At least 26 children were killed in violence in Syria on Monday, a watchdog said, fuelling international calls for a war crimes probe into the 22-month conflict.
Reports of the child deaths came as Human Rights Watch accused President Bashar al-Assad’s regime of expanding its use of banned cluster bombs.
Eight of the children were killed in an air strike on the town of Moadamiyat al-Sham, southwest of Damascus, the Syrian Observatory for Human Rights said. Five women were also killed.
“The children, all members of the same clan, were aged between six months and nine years old,” said the head of the Britain-based Observatory, Rami Abdel Rahman.
State television blamed “terrorists” for the deaths.
Also near the capital, four other children were killed, including two siblings, the Observatory said.
Eight children were killed in the northern province of Aleppo -- five of them in an air strike.
Six more children died in other flashpoints in the strife-torn country.
The Observatory says that more than 3,500 children have been killed since the Syrian conflict erupted in March 2011. The United Nations says more than 60,000 people have died in all, while the Observatory reported at least 126 killed on Monday alone.
Meanwhile, an international aid organization cited such raids, along with rape and widespread destruction, as key factors in the exodus of more than a half-million Syrians to neighboring countries since the conflict began in March 2011.
The International Rescue Committee said it could be "months, if not years" before the refugees can return home and warned that Syria's civil war could enflame tensions in the Middle East.
The Syrian regime and the opposition have been accused of committing atrocities, but the United Nations says the government and its allies have been more culpable. U.N. rights chief Navi Pillay has also called for Syria to be referred to the International Criminal Court.
“We are firmly of the view that the Security Council must ensure accountability for the crimes that seem to have been and continue to be committed in the Syrian Arab Republic and send a clear signal to the Syrian authorities,” read the letter sent by Switzerland on behalf of more than 50 states.
“The situation on the ground has only become more desperate, with attacks on the civilian population and the commission of atrocities having almost become the norm,” read the letter, supported by permanent council members France and Britain.
The United States, China and Russia, the other three permanent council members, are not members of the ICC.
World powers are divided over how to stop the escalating violence in Syria and the 15-member council is unlikely to refer the situation in Syria to the International Criminal Court in The Hague - which is not an official U.N. body.
Permanent Security Council members Russia and China have acted as Syria's protector on the council by repeatedly blocking Western efforts to take stronger U.N. action - such as imposing sanctions - against the Syrian government to try to end the war.

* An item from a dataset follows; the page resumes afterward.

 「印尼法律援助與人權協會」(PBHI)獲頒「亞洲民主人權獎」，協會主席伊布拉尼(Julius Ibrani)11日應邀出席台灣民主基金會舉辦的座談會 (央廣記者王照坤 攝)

“At the very least, the council should send out an unequivocal message urging the Syrian authorities and all other parties to fully respect international human rights and humanitarian law in the ongoing conflict,” read the letter.
The letter said the council should announce “that it intends to refer the situation to the ICC unless a credible, fair and independent accountability process is being established in a timely manner.”
Syria is not a party to the Rome Statute, which set up the International Criminal Court, so the only way the court can investigate the situation is if it receives a referral from the Security Council. The council has previously referred conflicts in Libya and Darfur, Sudan to the court.
International peace envoy Lakhdar Brahimi has unsuccessfully tried to get Russia and the United States to agree on how to end the violence in Syria.
Brahimi has said the main sticking point was the issue of Assad. The United States, European powers and Gulf-led Arab states insist he must step down to end the war, but Russia has said Assad's exit cannot be a precondition for a peace deal.
Brahimi’s predecessor, former U.N. Secretary-General Kofi Annan, warned on Monday that if no political proposals were put forward then a stalemate could be created. Annan had blamed the Security Council impasse for hampering his six-month bid to broker peace and leading to his decision to step down.
“Those who are saying mediation is a waste of time have offered no alternative, they are hoping for intervention, but I haven’t seen any countries lining up to intervene,” Annan told reporters. “You have a situation where you have a sectarian war coming up and Syria can explode beyond its borders.”